## Supplied data

-------------------------

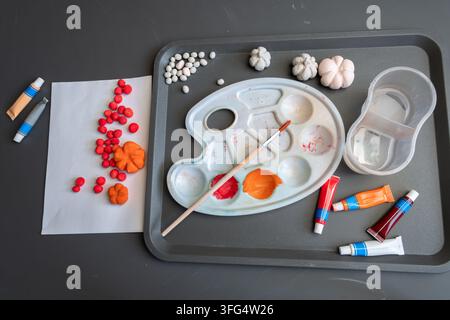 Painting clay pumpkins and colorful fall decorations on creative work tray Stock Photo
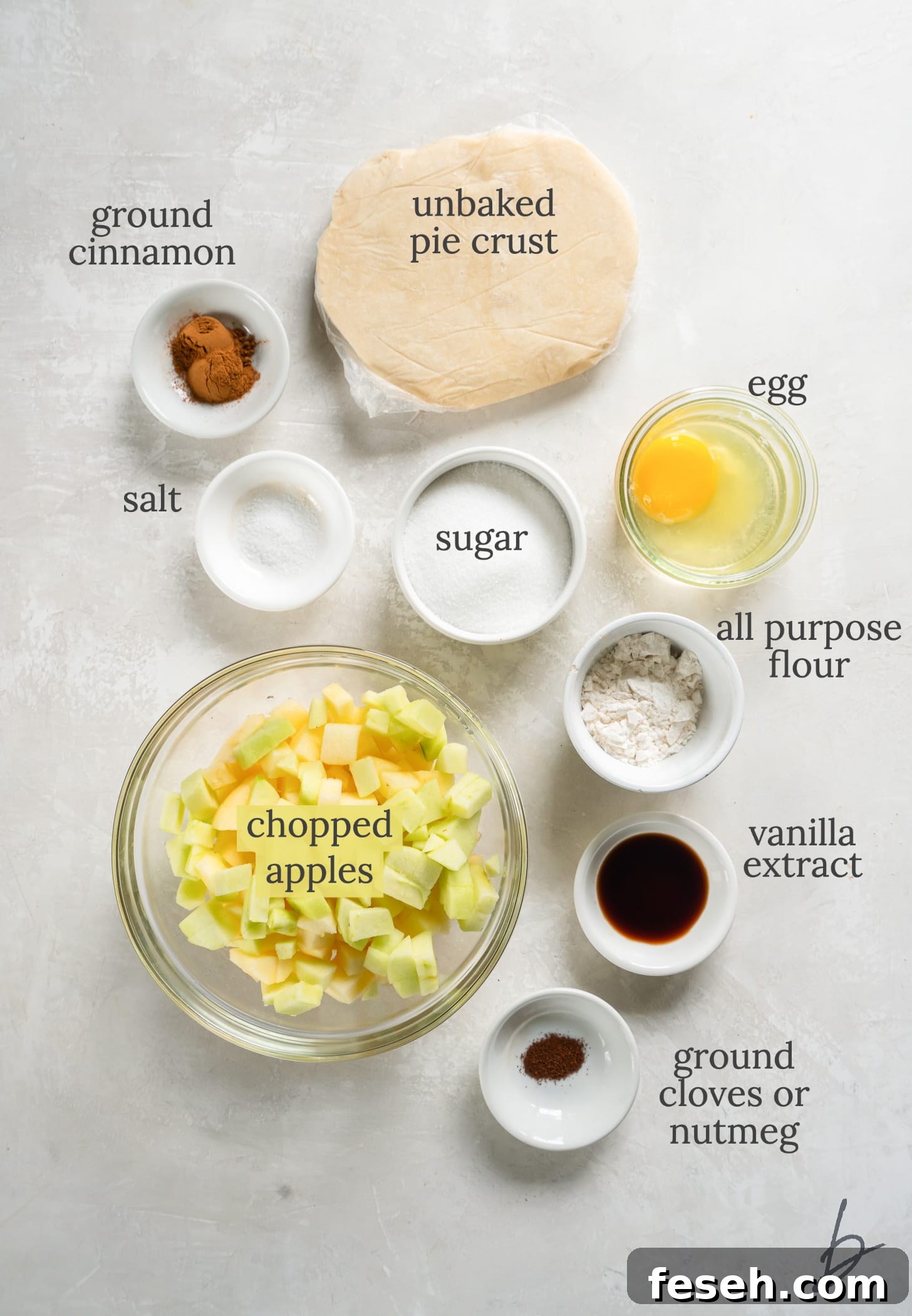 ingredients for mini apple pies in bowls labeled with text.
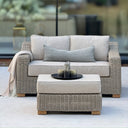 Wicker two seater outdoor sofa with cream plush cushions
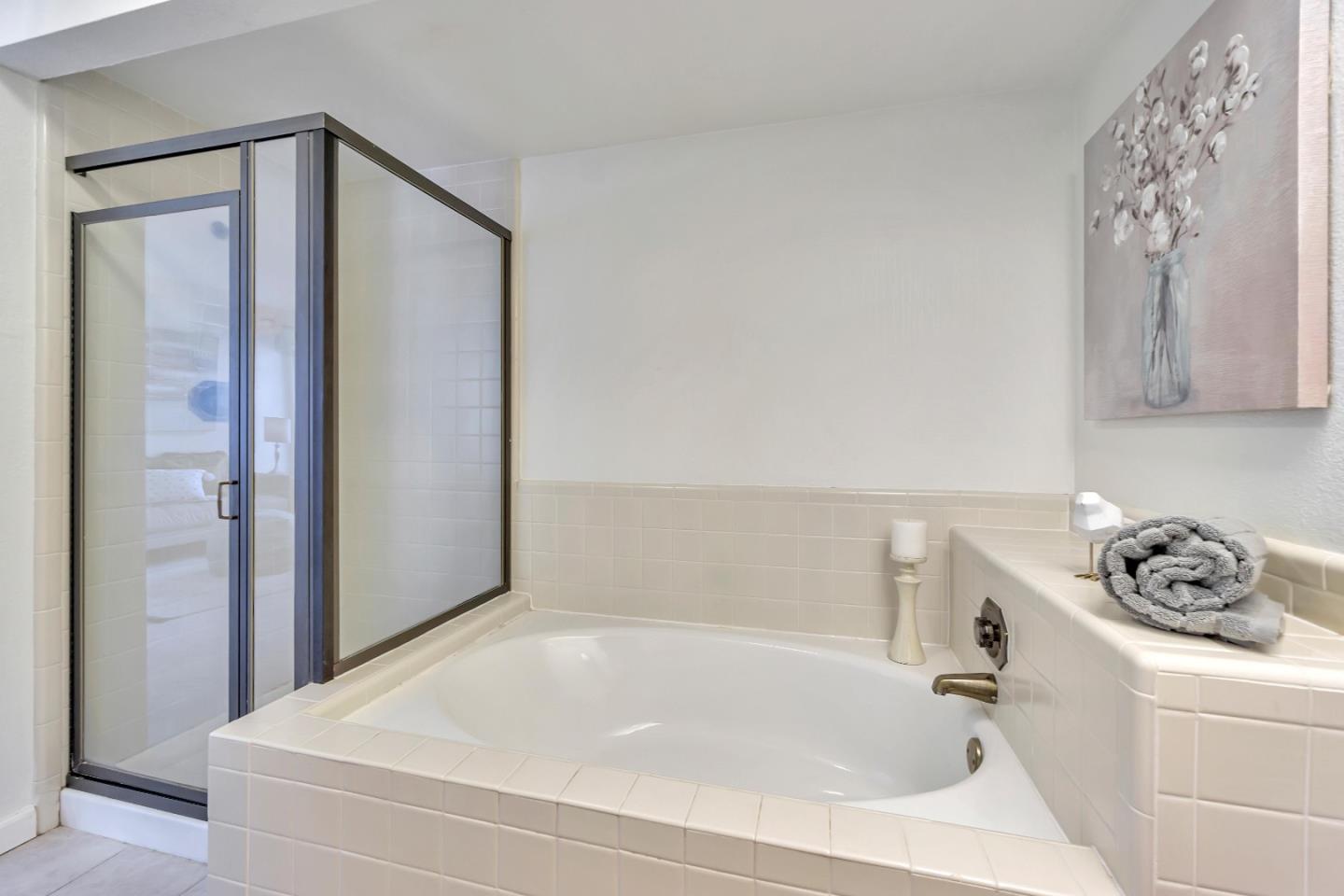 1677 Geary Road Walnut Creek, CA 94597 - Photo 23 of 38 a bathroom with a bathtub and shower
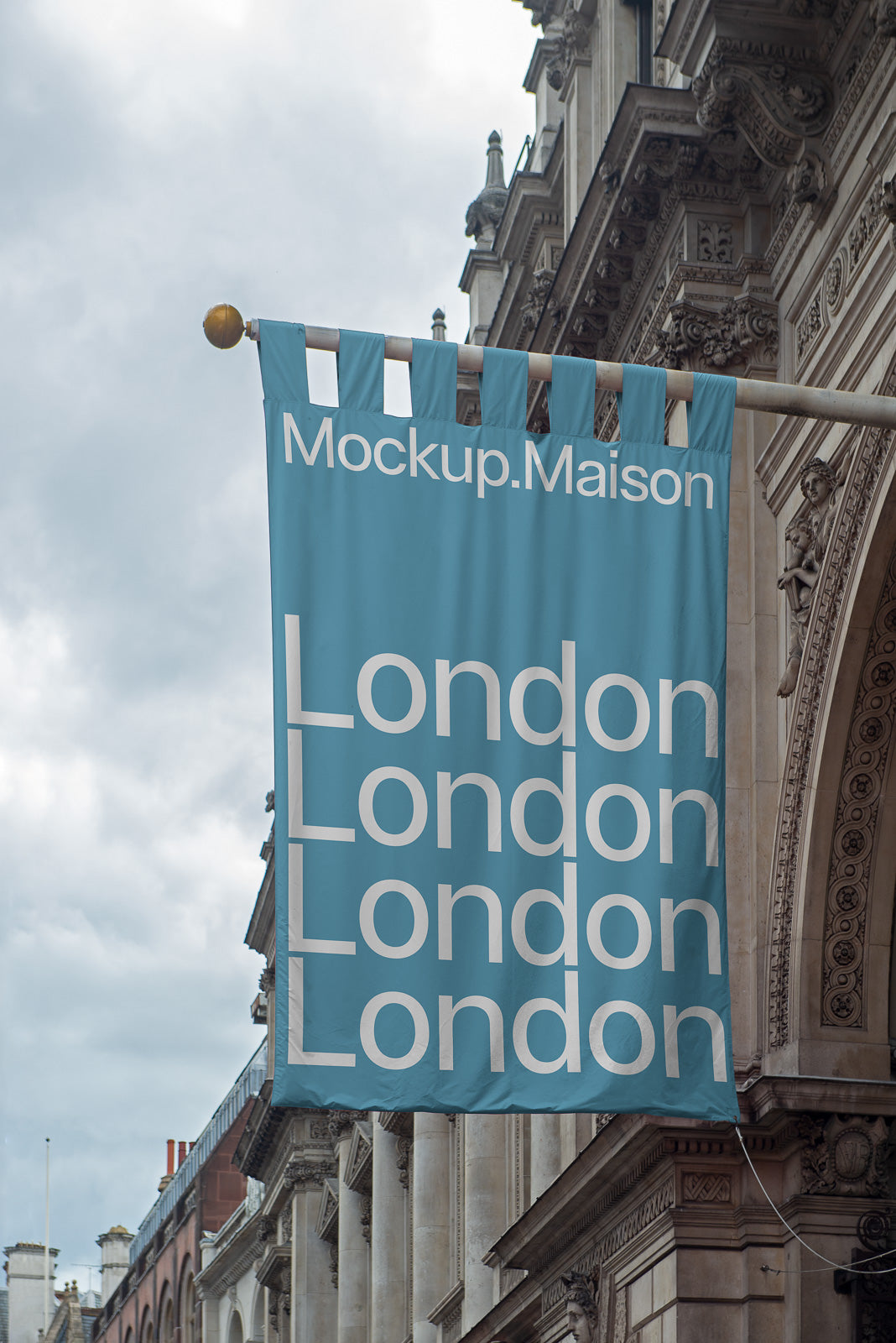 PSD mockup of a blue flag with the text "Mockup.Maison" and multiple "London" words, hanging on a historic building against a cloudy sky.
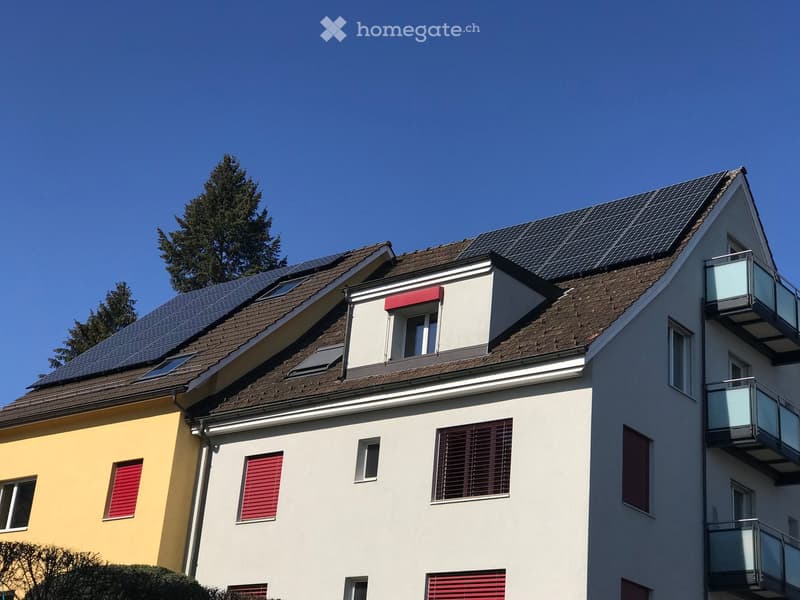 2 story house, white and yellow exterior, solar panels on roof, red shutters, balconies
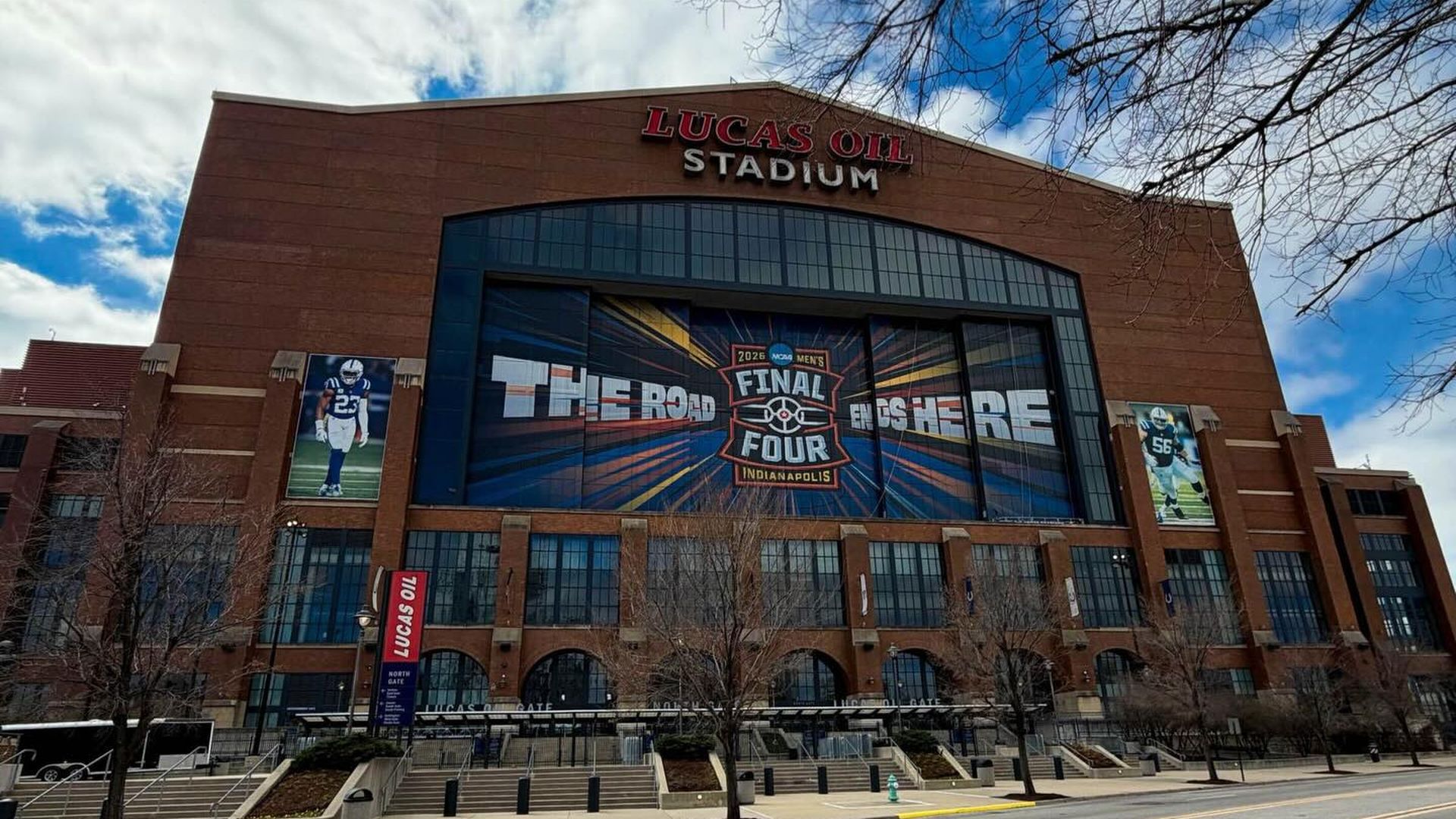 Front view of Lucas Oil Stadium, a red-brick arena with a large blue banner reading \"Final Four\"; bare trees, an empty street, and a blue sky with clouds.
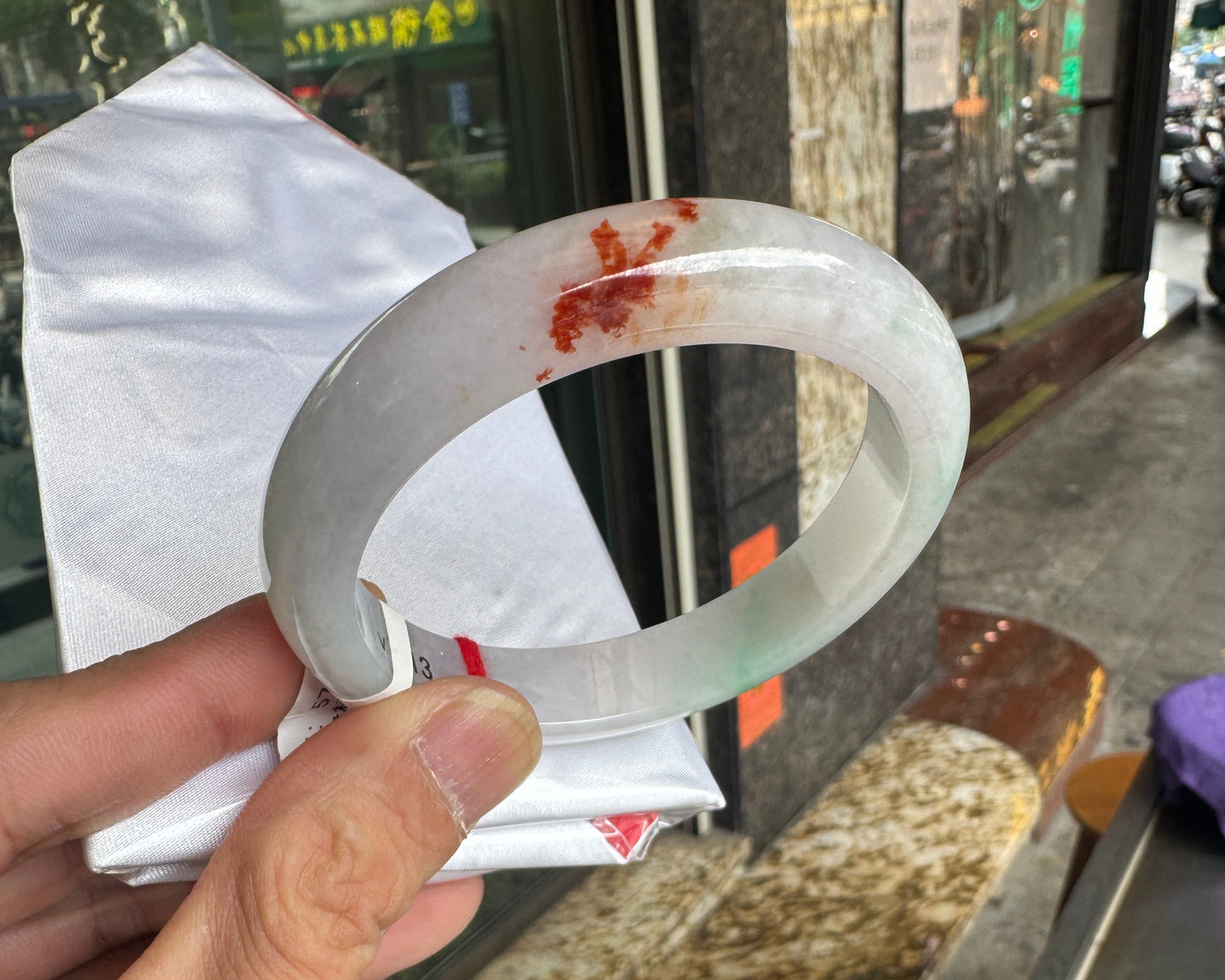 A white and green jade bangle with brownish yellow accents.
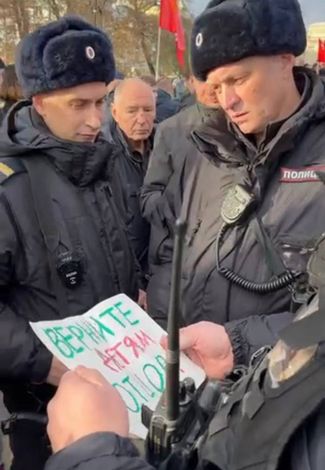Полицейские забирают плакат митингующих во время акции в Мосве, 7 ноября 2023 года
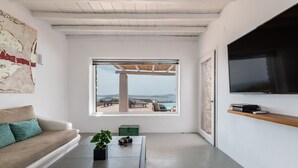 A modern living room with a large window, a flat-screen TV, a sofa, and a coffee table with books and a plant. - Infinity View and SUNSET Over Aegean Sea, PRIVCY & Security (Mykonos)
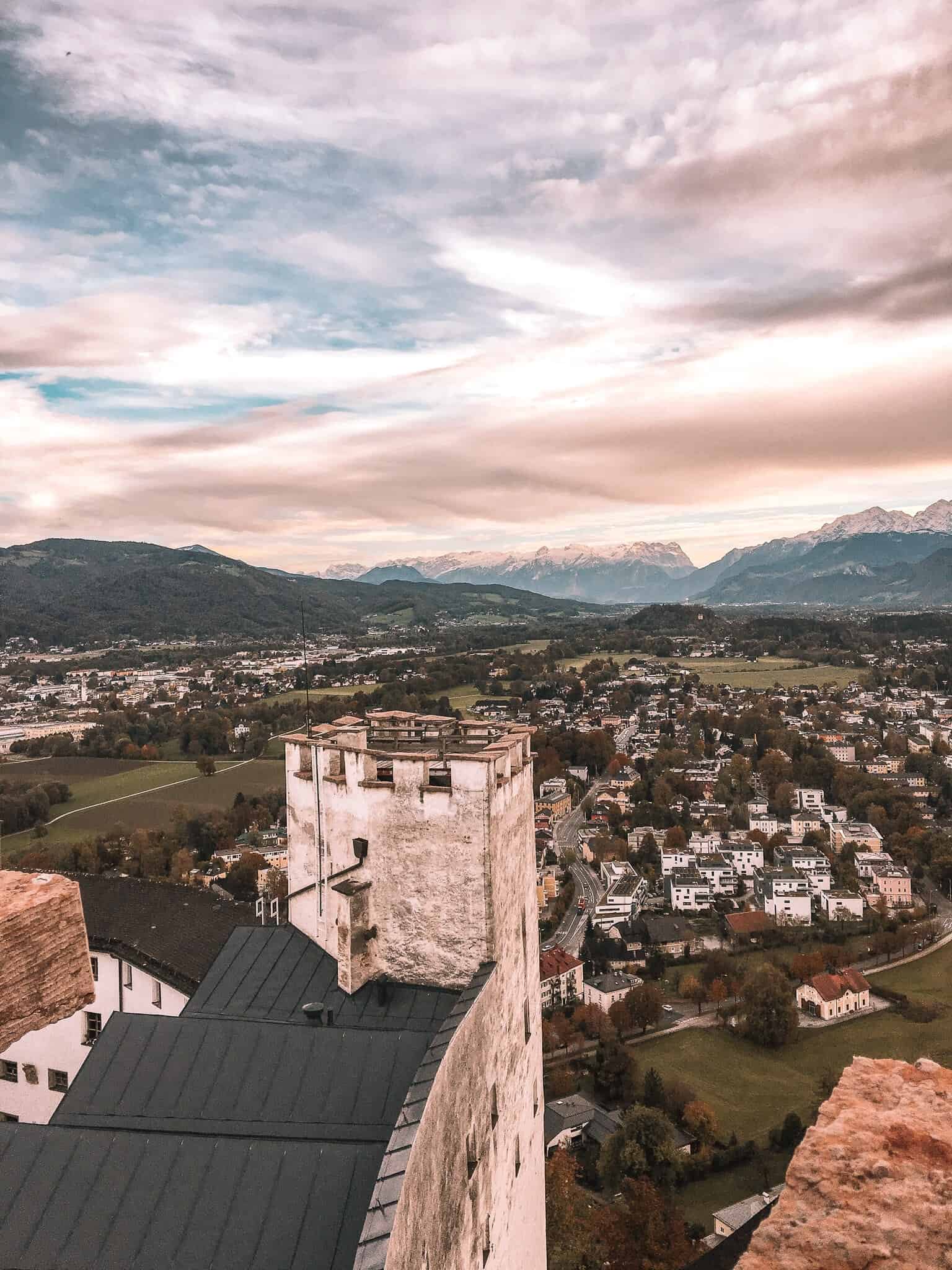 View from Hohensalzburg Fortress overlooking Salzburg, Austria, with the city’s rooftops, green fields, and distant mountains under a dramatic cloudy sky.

-------------------------

## What you will do
Retype all of the listing word for word and skip the pictures.

## Answer
 Painting clay pumpkins and colorful fall decorations on creative work tray Stock Photo
 ingredients for mini apple pies in bowls labeled with text.
 Wicker two seater outdoor sofa with cream plush cushions
 1677 Geary Road Walnut Creek, CA 94597 - Photo 23 of 38 a bathroom with a bathtub and shower
 PSD mockup of a blue flag with the text "Mockup.Maison" and multiple "London" words, hanging on a historic building against a cloudy sky.
 2 story house, white and yellow exterior, solar panels on roof, red shutters, balconies
 Front view of Lucas Oil Stadium, a red-brick arena with a large blue banner reading \"Final Four\"; bare trees, an empty street, and a blue sky with clouds.
 A white and green jade bangle with brownish yellow accents.
Полицейские забирают плакат митингующих во время акции в Мосве, 7 ноября 2023 года
 A modern living room with a large window, a flat-screen TV, a sofa, and a coffee table with books and a plant. - Infinity View and SUNSET Over Aegean Sea, PRIVCY & Security (Mykonos)
 View from Hohensalzburg Fortress overlooking Salzburg, Austria, with the city’s rooftops, green fields, and distant mountains under a dramatic cloudy sky.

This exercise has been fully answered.